** Extracted records follows **
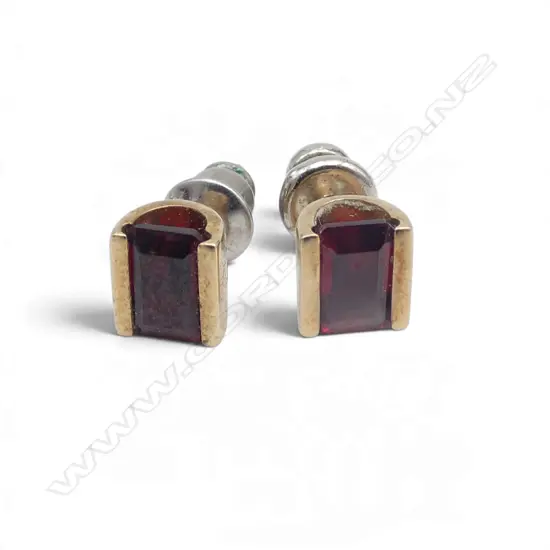 9ct GARNET STUD EARRINGS, 1.5gm w/out metal backs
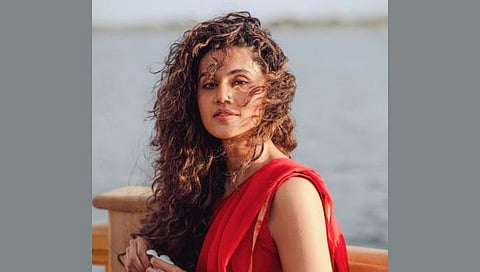 तापसी पन्नूचा ‘हसीन दिलरुबा’मध्ये बोल्ड अंदाज, लाल साडीत समुद्रकिनारी…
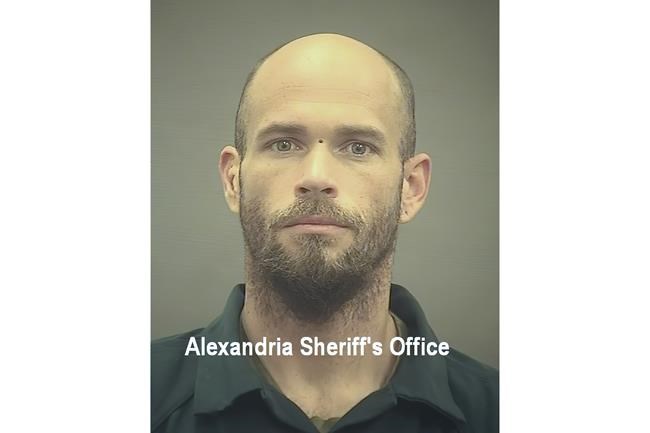 Arizona man who wore horns in riot pleads guilty to felony | iNFOnews.ca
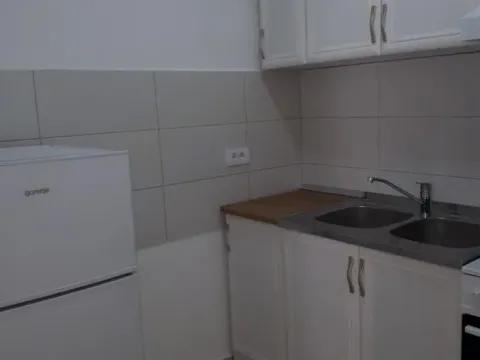 Izdavanje, dvosoban stan, 45m², Petrovaradin, Novi Sad - image 8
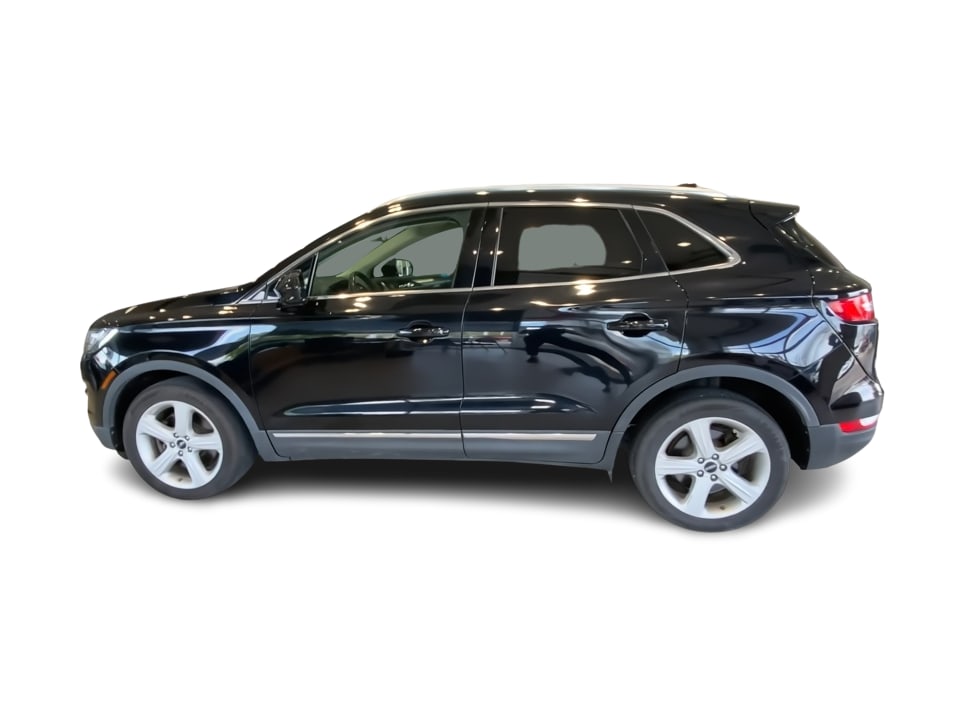 Thumbnail: 2017 Lincoln MKC - 3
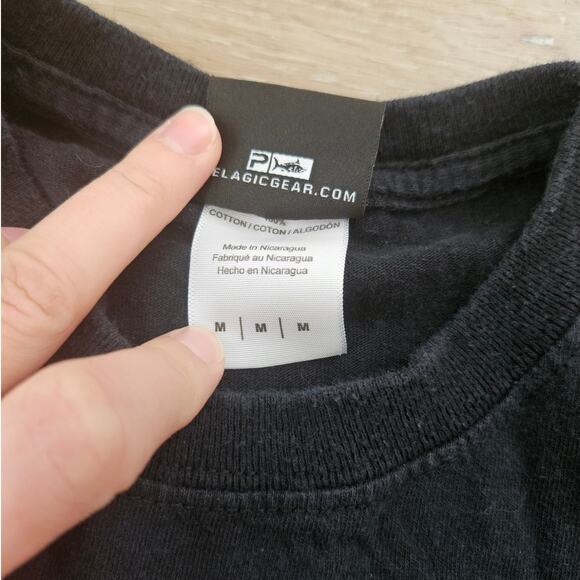 Pelagic Black White Tuna Republic Graphic T-Shirt Short Sleeve Medium Basic - Picture 4 of 4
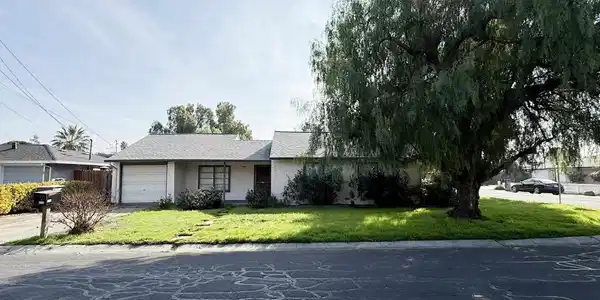 2310 2310 Belmont Rd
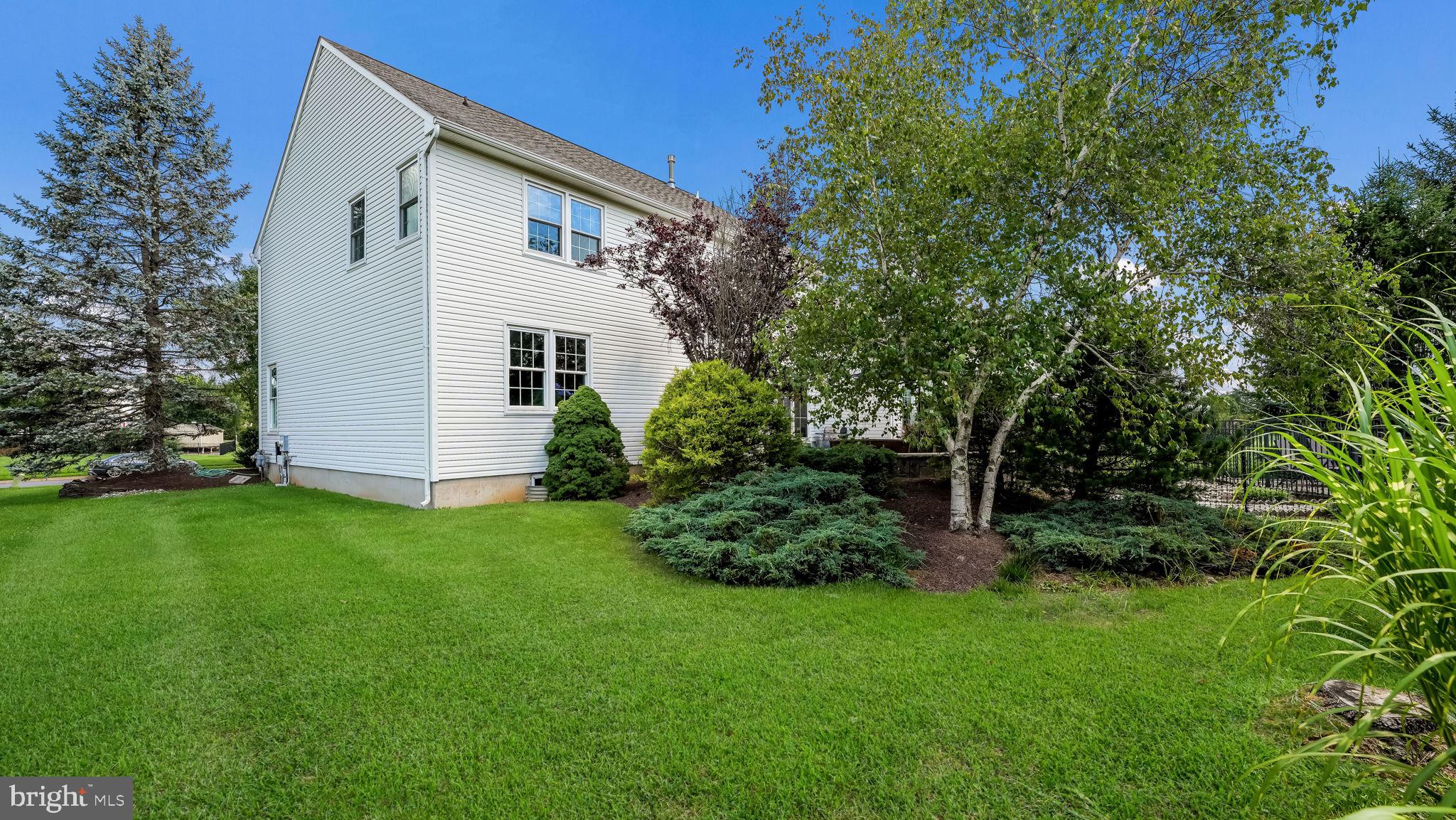 NORTHAMPTON CROSSG - Residential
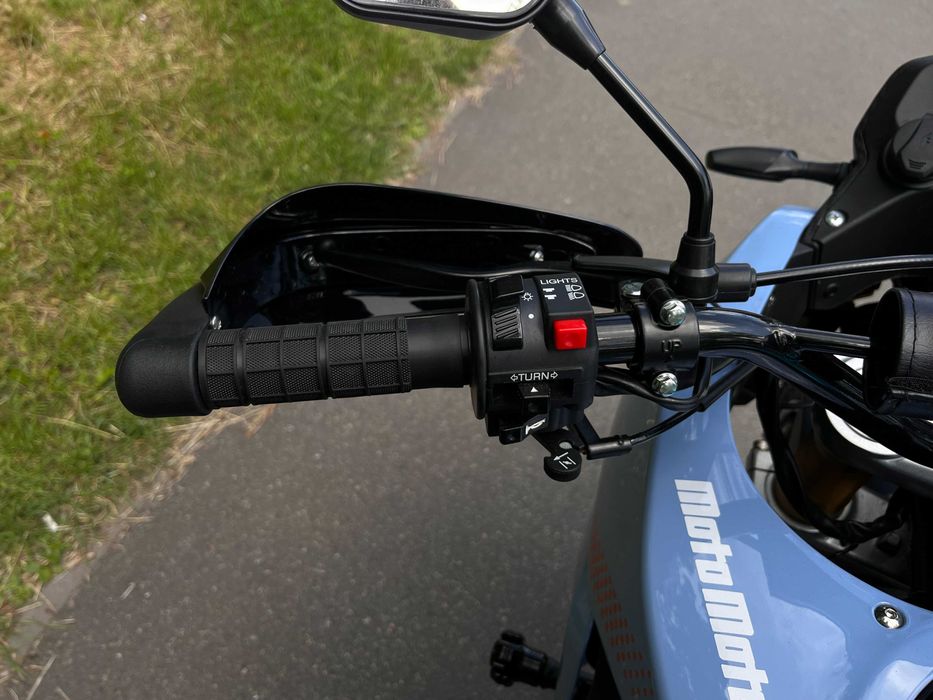 Мотоцикл SPARK SP250E-8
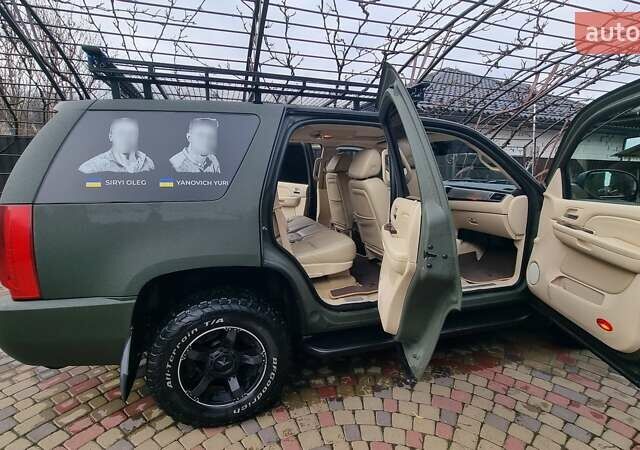 Зеленый Кадиллак Эскалейд, объемом двигателя 6.2 л и пробегом 252 тыс. км за 15000 $, фото 1 на Automoto.ua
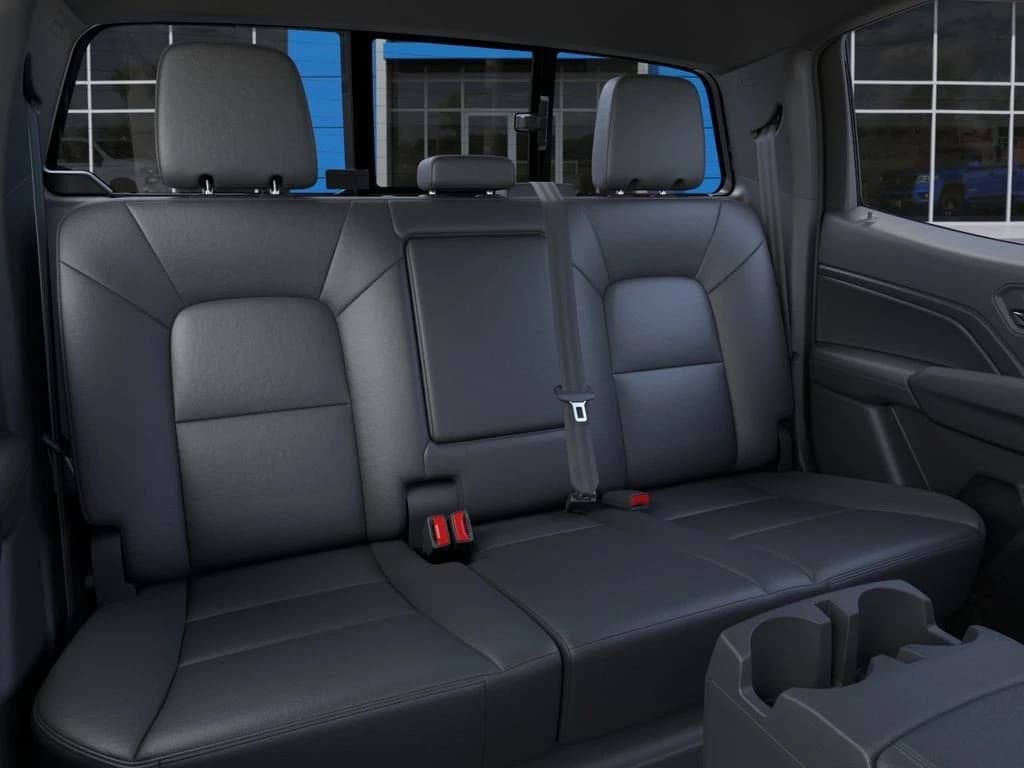 Chevrolet Colorado 4WD LT Crew Cab 2026 — side view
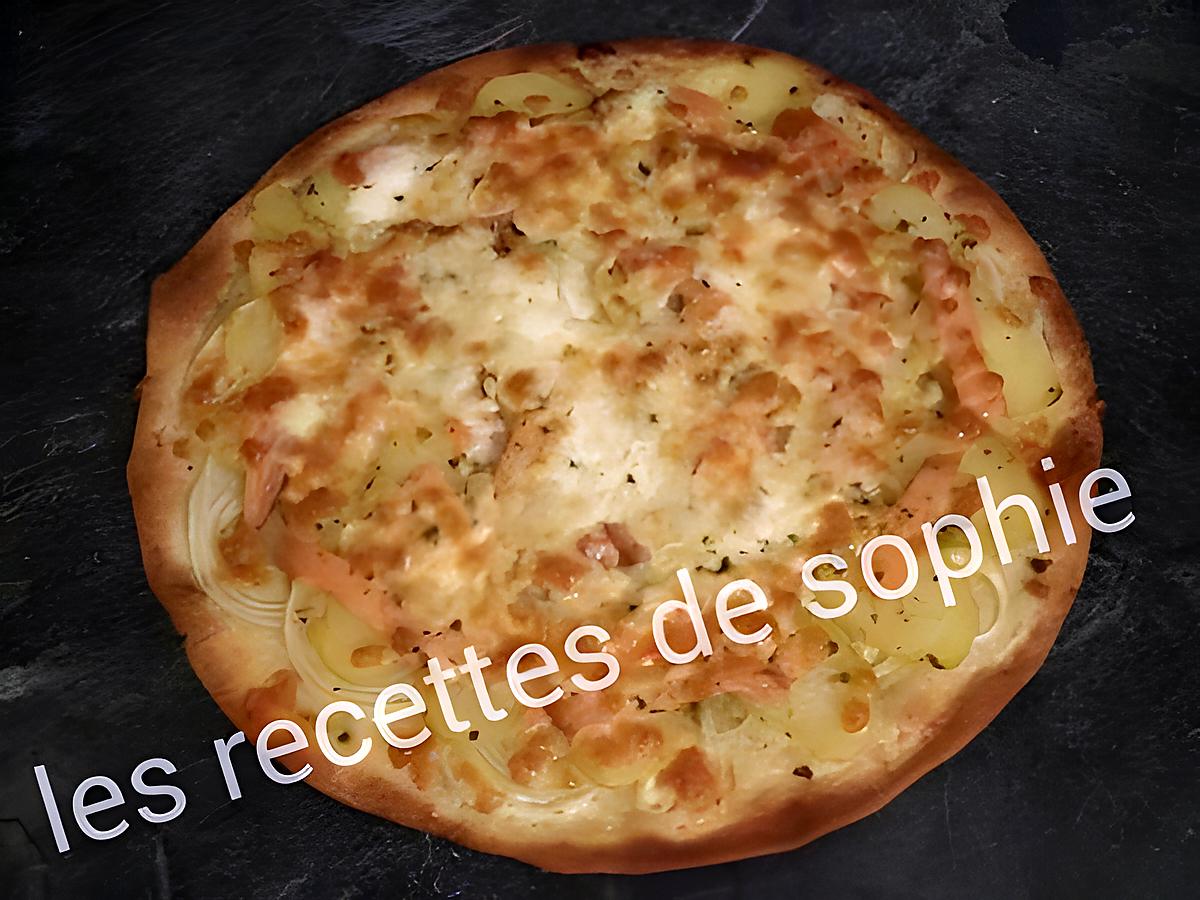 recette PIZZA AU SAUMON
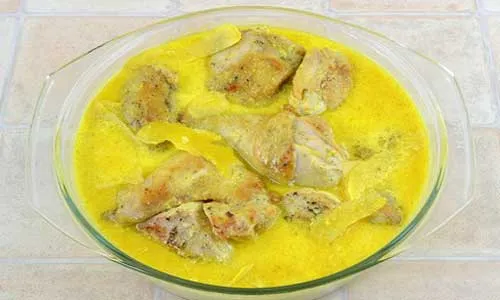 Тушкована курка в молоці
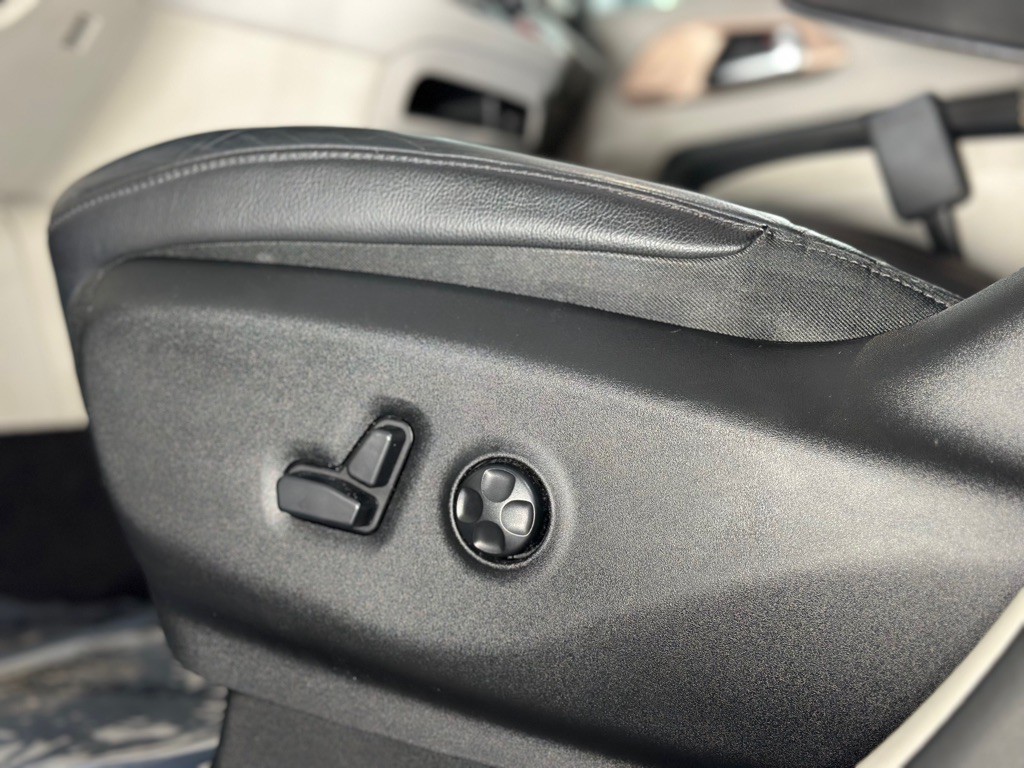 2018 Chrysler Pacifica Image 24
** End of Extracted records **
--- Your goal ---
Omit the pictures. Write out exactly the lines from the one containing "Тушкована курка в молоці" through the last line of the entries, both of them included.

--- Response to this task ---
 Тушкована курка в молоці
 2018 Chrysler Pacifica Image 24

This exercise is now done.